How to best get along with Sensing ThinkersOne of a Sensing Thinker's main strengths lies in their ability to think analytically and logically. As a result, they may sometimes have difficulty thinking outside of the box like you can. Don't be surprised if you propose something new and are met with resistance. "New" can be challenging to an ST. Rather than pushing for an immediate agreement, give them time to warm up to your idea. By moving one step at a time and not simply discarding your plans when you hear the word, "No," you're likely to find some comfortable middle ground for both of you. It can help you to realize that your Sensing Thinker needs to feel a certain level of control most times, particularly when they are in unfamiliar or unpredictable situations.
Introverts vs. extraverts:
In addition to knowing that you get along best with STs, it's important to understand how your social style and activity preferences will impact your relationships. That's where the Introversion/Extraversion dimension comes in. Check out how you're likely to get along with those who are similar to and different than you in this respect.
Introverts with extraverts
You are an Introvert (I) . So when it comes time to relax and enjoy yourself and you are with an Extrovert (E), it's not surprising that you'd both propose different activities. Perhaps your Extrovert wants to get together a group of friends to go out dancing and you'd rather just make a quiet dinner together and pop in a video. Such is the nature of an I/E relationship. Keep in mind that having different preferences is not a bad thing.

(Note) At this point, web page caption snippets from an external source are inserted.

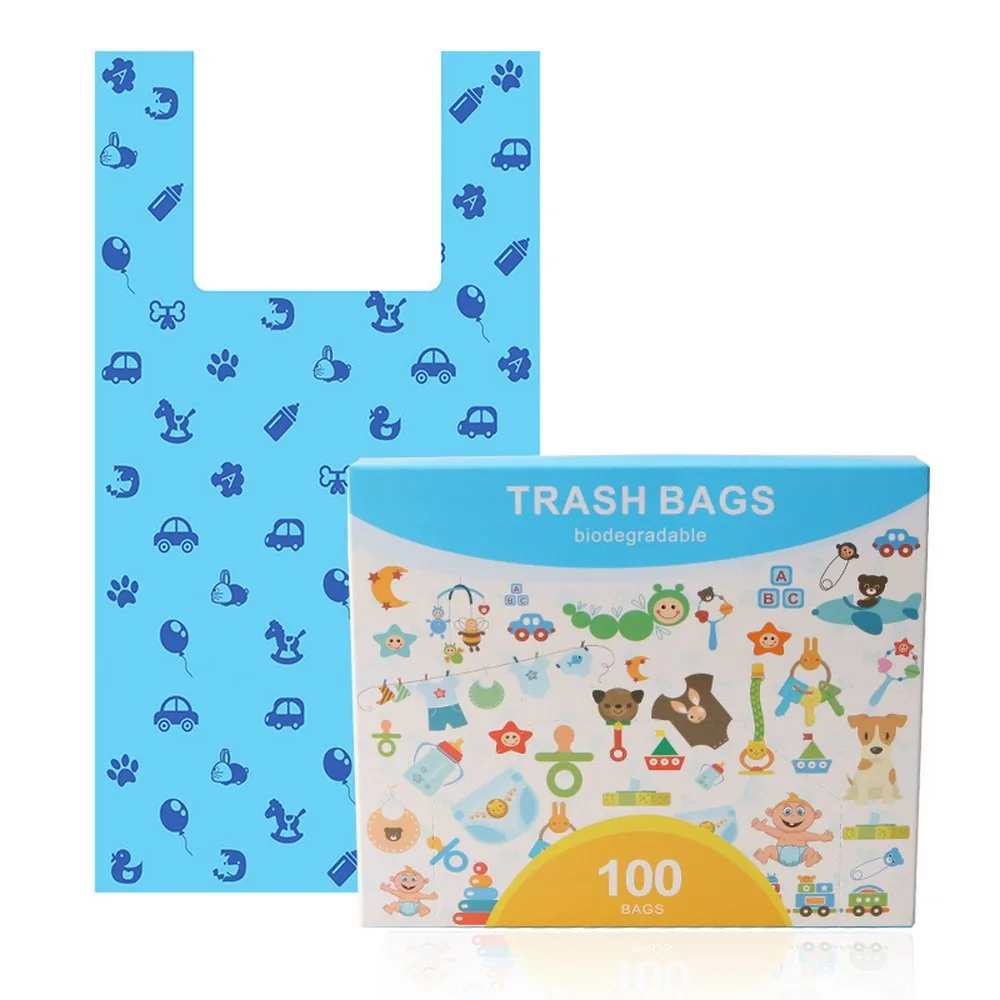 Diaper Refill Bag 100 Bags Disposable Diaper Sacks Easy-To-Tie Odor Proof Tabs Baby Diaper Disposal Sealing Dirty Pet Waste Bags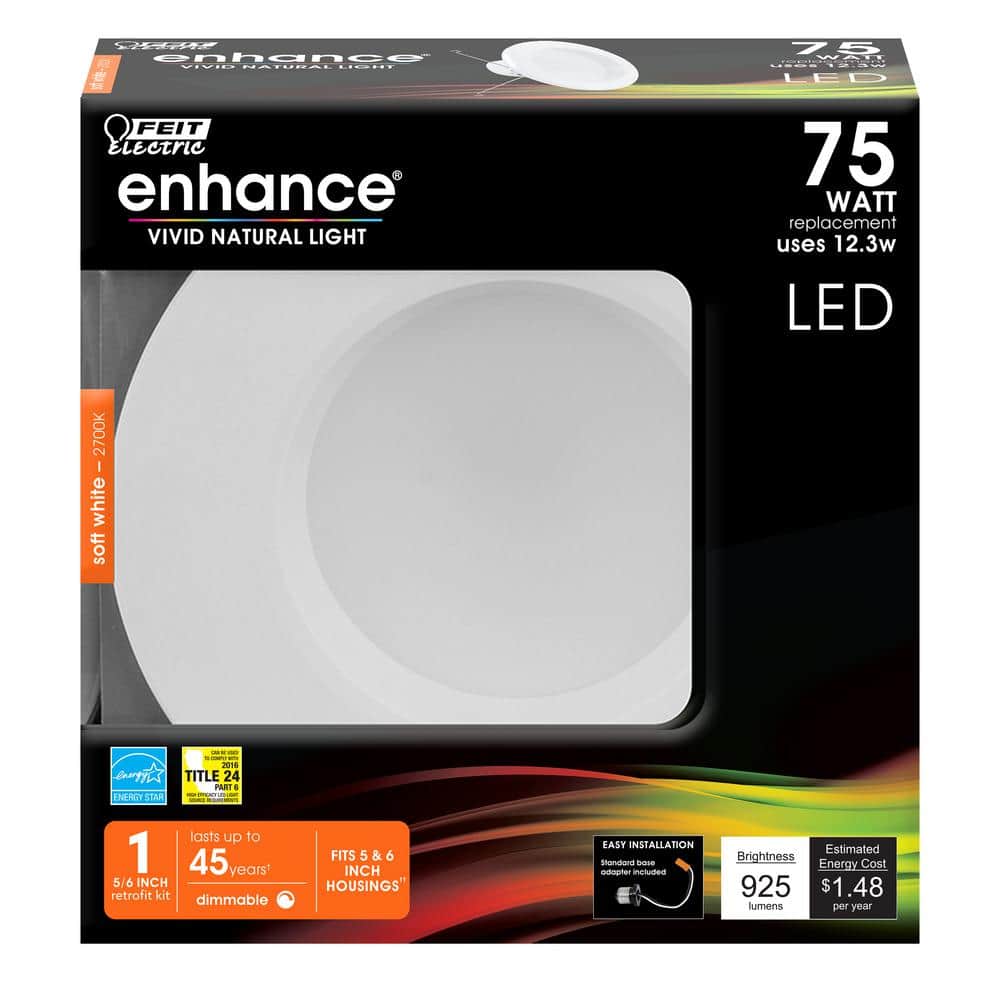 Feit 5-6 Inch White Aluminum Dimmable Recessed Downlight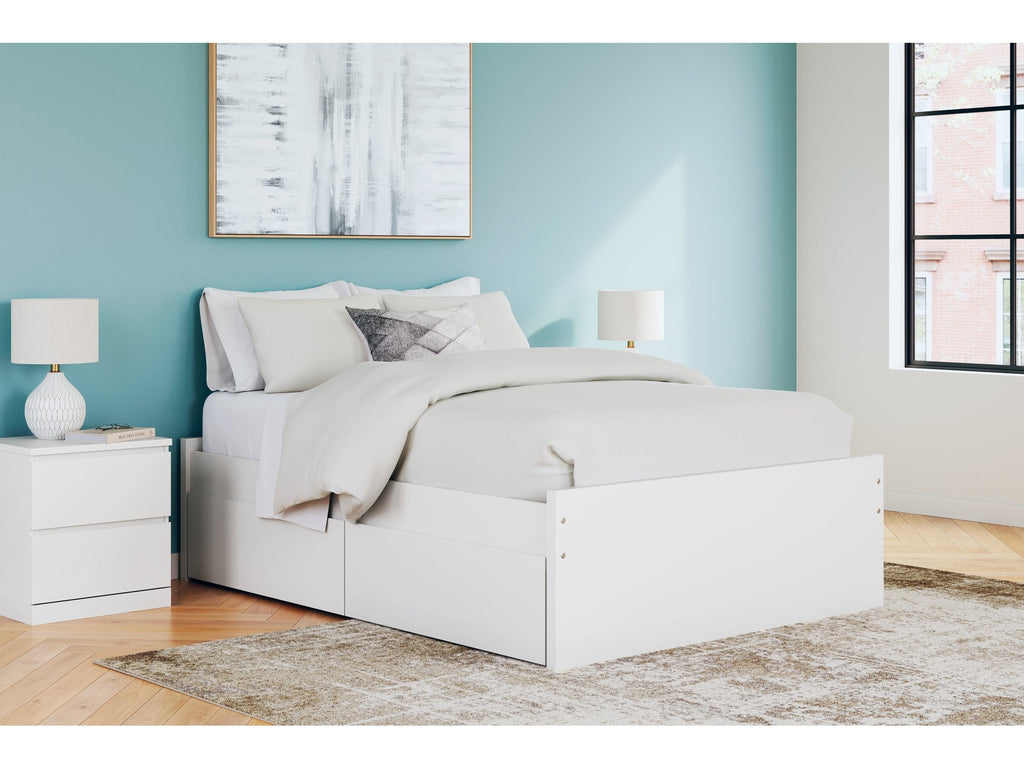 Onita White Full Platform Youth Bed with 2 Side Storage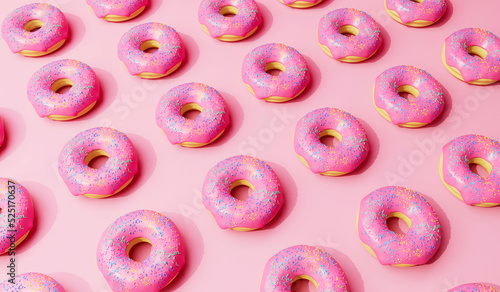 Pink frosted donut background with sprinkles. 3D Rendering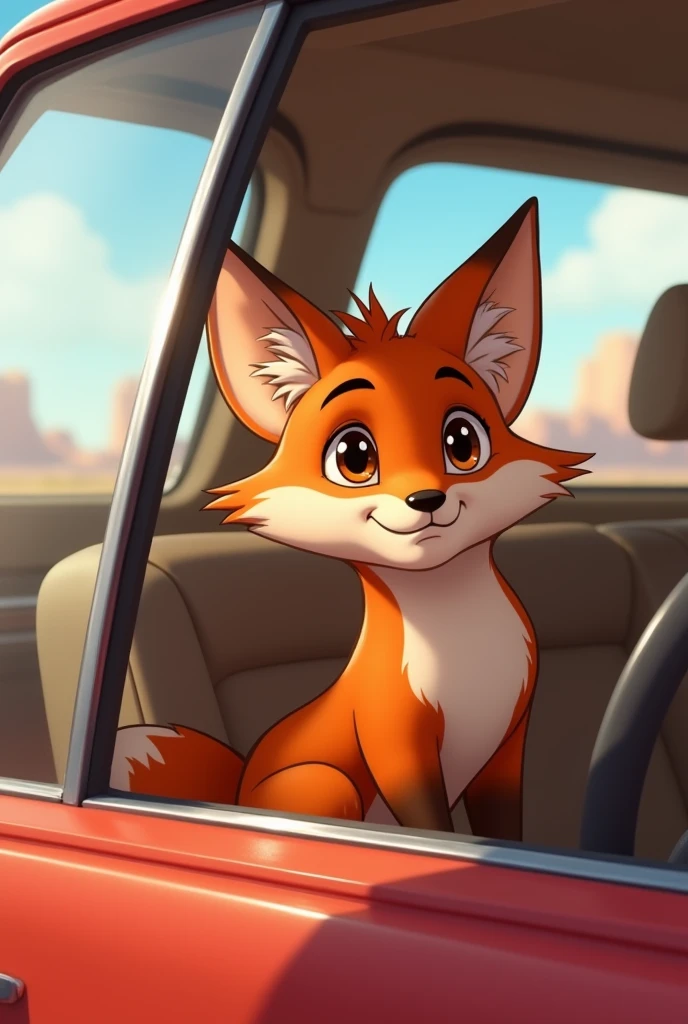 Male young fox as a cartoon character with brown eyes sits in the back of the car and the fox parents sit in the front and drive together on vacation, to see the car from the side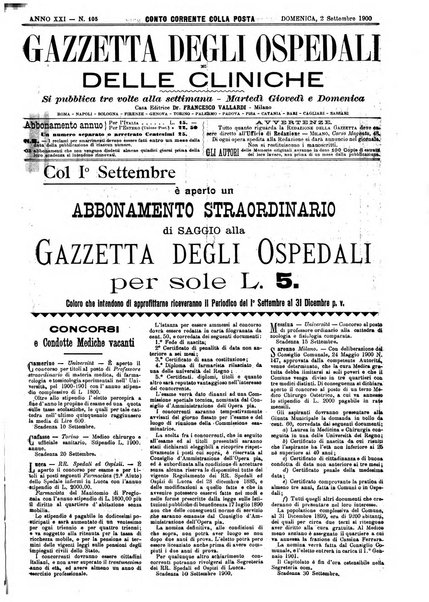 Gazzetta degli ospedali e delle cliniche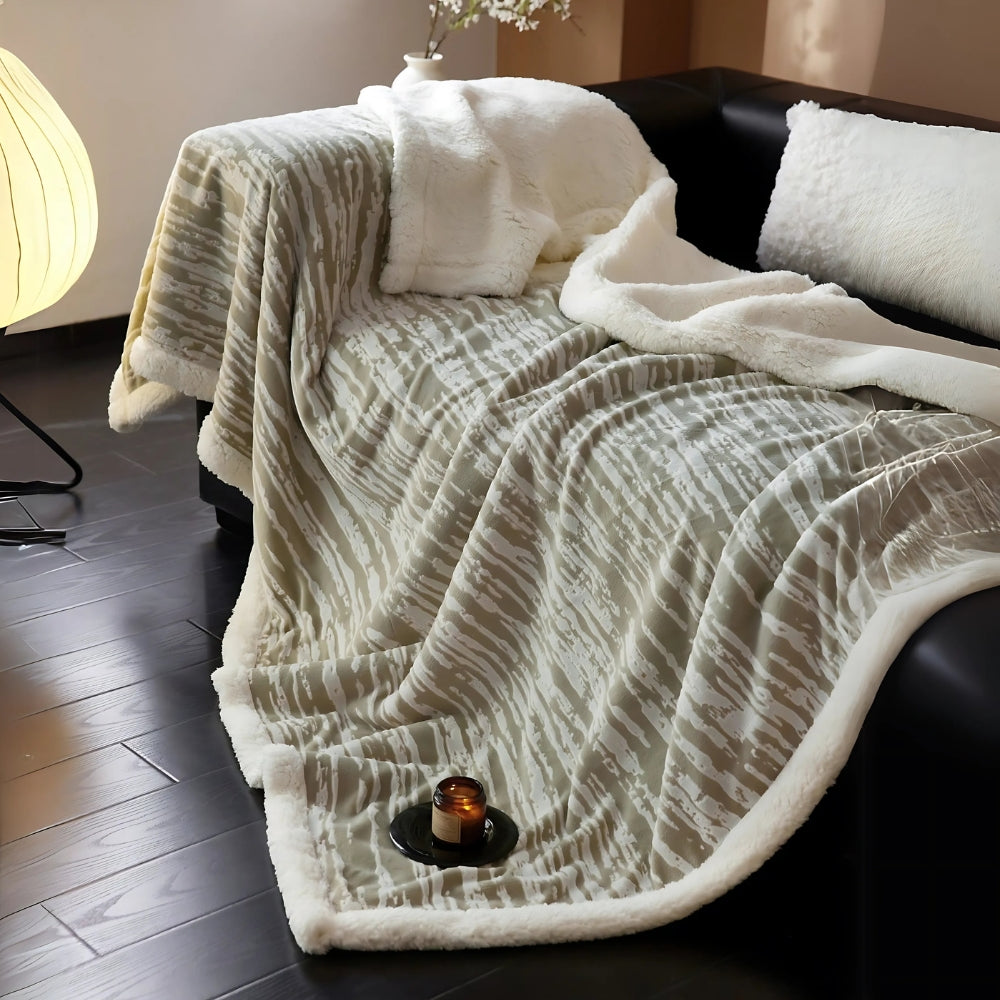 Plaid douillet motif écorce
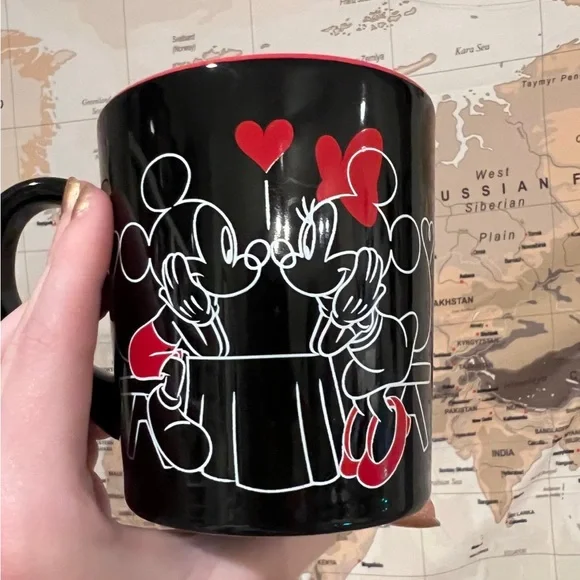 Disney Mickey & Minnie Mouse Valentine’s Day Love Swing Black & White Mug Set - Picture 6 of 12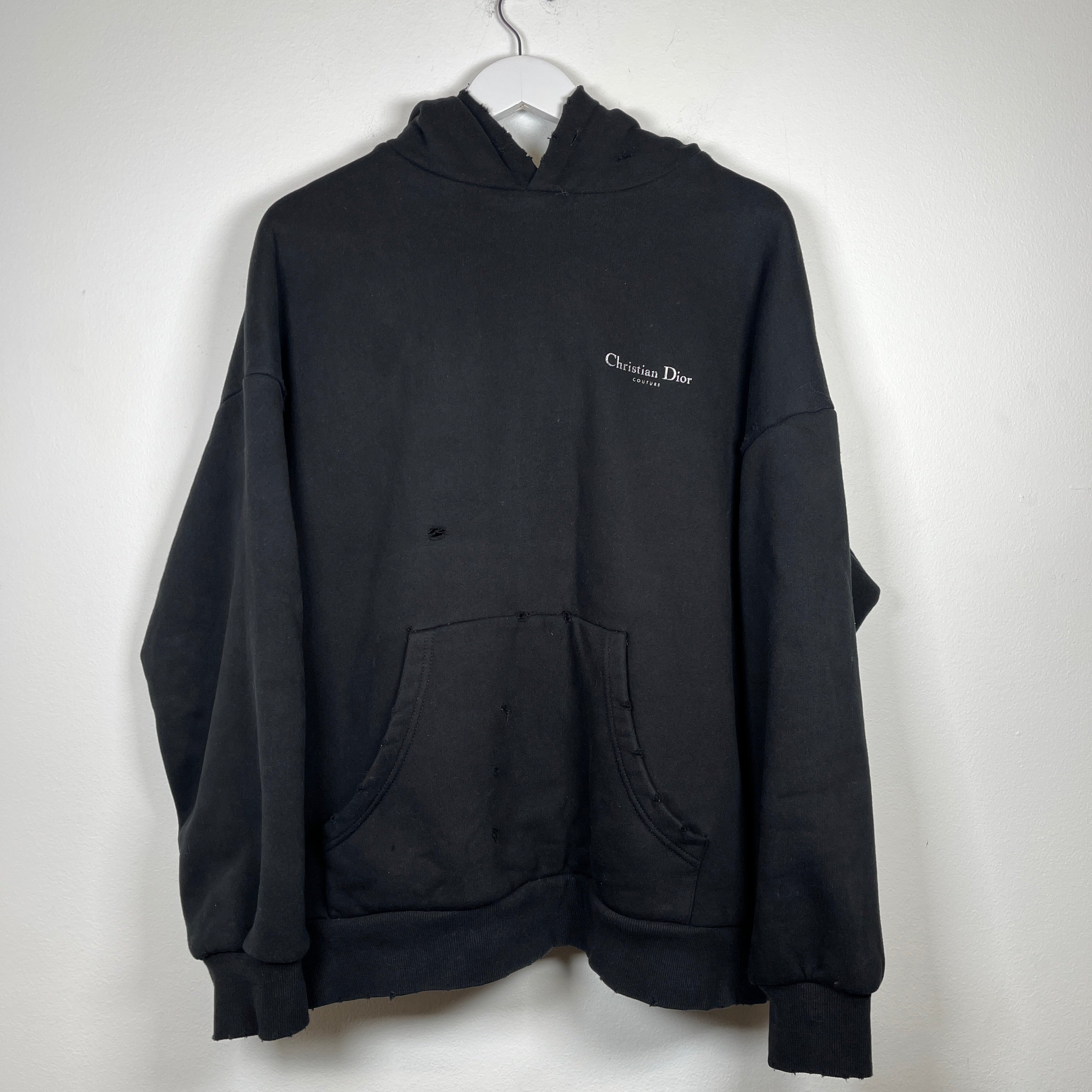 Christian Dior Couture Black Distressed Hoodie Size L – Street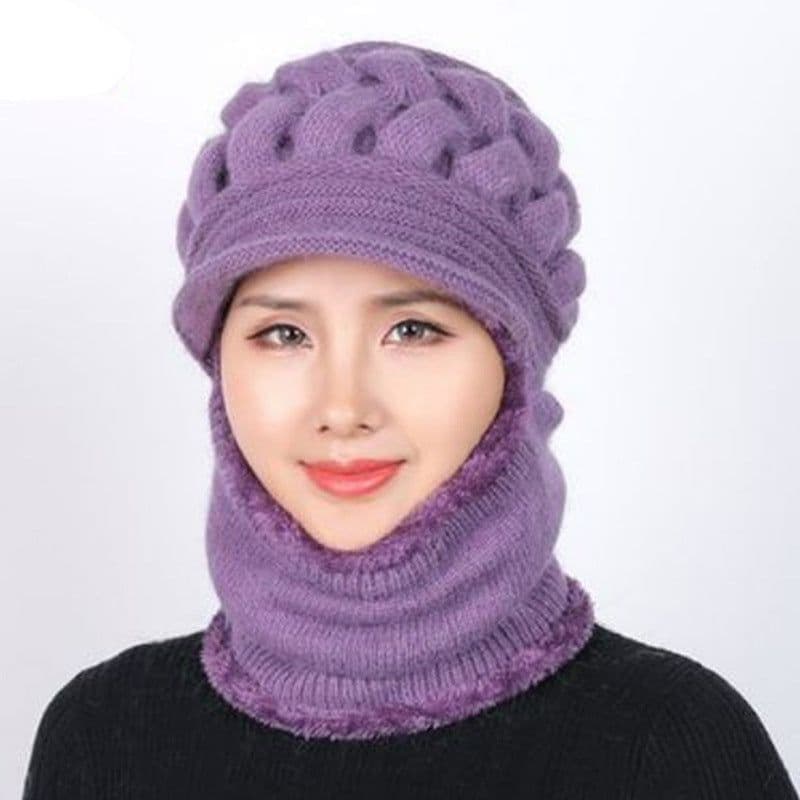 image-Sibeiro Rabbit Fur Knit Hat Scarf Winter Windproof Cap for Women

In fact, your different activity levels can keep life interesting for both of you and help you to grow as people. Also, as an Introvert, there are likely to be times when you really appreciate having someone around who shakes things up for you. The most important thing for an I/E mix to be successful is to maintain flexibility and appreciation toward one another's differences. By both making efforts to meet each other's needs, you can become a happy and well-balanced team.
Introverts with introverts
Being with another Introvert (I) like yourself can make for very smooth sailing in a relationship. That's because your activity levels and preferences are likely to be well matched. Small group gatherings like dinner parties or one-on one quality time are apt to be the kind of diversions you both seek when it's time to relax. You'll also both be quite comfortable taking time apart to focus on each of your diverging interests and hobbies. So, if one of you is a sports nut and wants to spend the whole afternoon watching the game and the other one would rather go on a hike, chances are you'll both feel okay going your own way. This is sure to make you happier as individuals and when you're together.